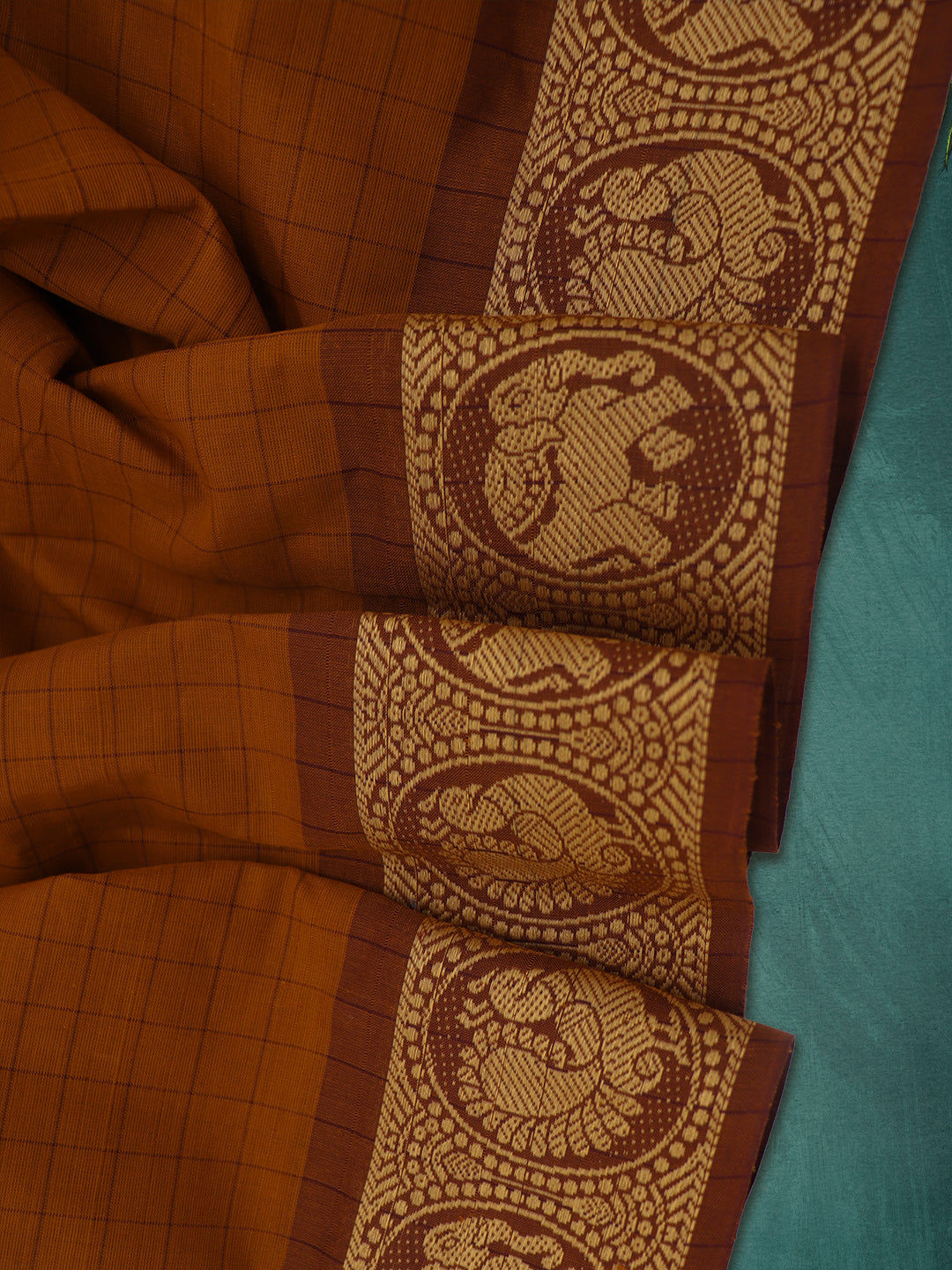 Women Burnt Orange Checks Pure Chettinad Cotton Saree PCS221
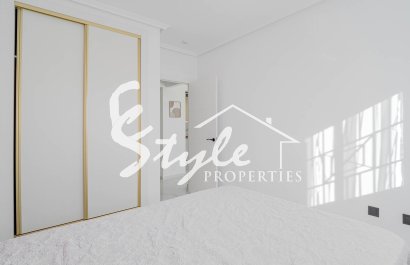 Resale - 1. Apartment / flat - Orihuela Costa  - Playa Flamenca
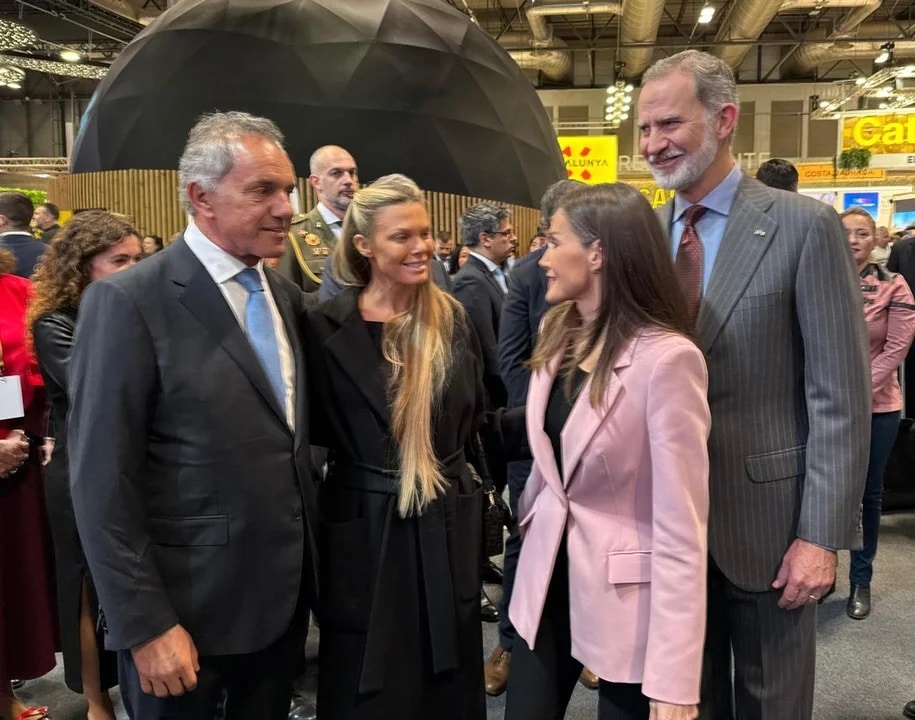 Fitur 2025: El Rey de España, Felipe VI y su esposa Letizia visitaron el stand de Argentina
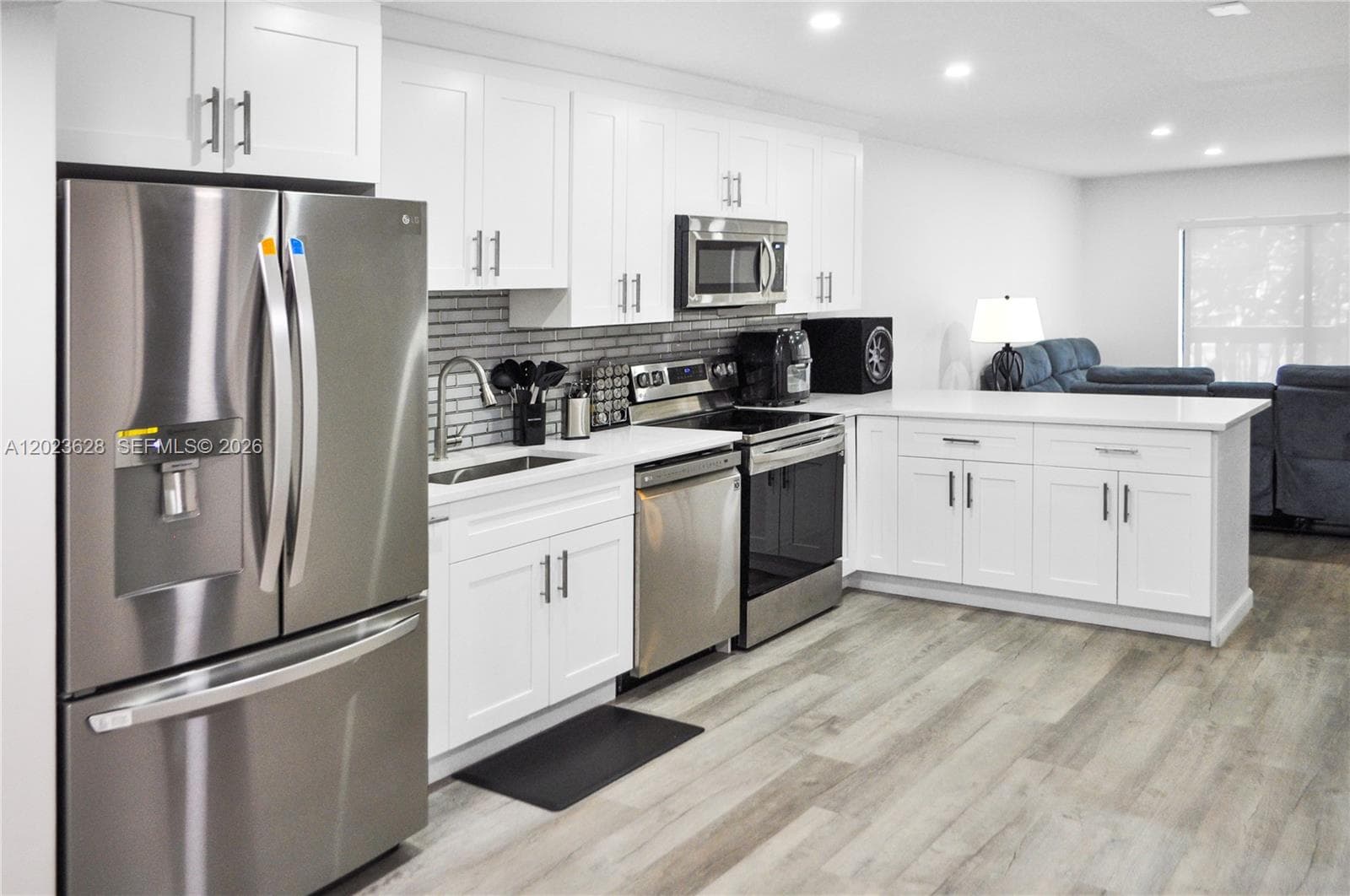 1021 Mockingbird Ln # 202, Plantation FL 33324 - Plantation, FL - Photo 1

- - -

**TASK INSTRUCTIONS**.
Take the line containing "Resale - 1." as the first line and the last line of the data above as the final one, and output exactly the lines between them, inclusive, with no pictures.

**SOLVED EXERCISE**.
 Resale - 1. Apartment / flat - Orihuela Costa  - Playa Flamenca
 Fitur 2025: El Rey de España, Felipe VI y su esposa Letizia visitaron el stand de Argentina
 1021 Mockingbird Ln # 202, Plantation FL 33324 - Plantation, FL - Photo 1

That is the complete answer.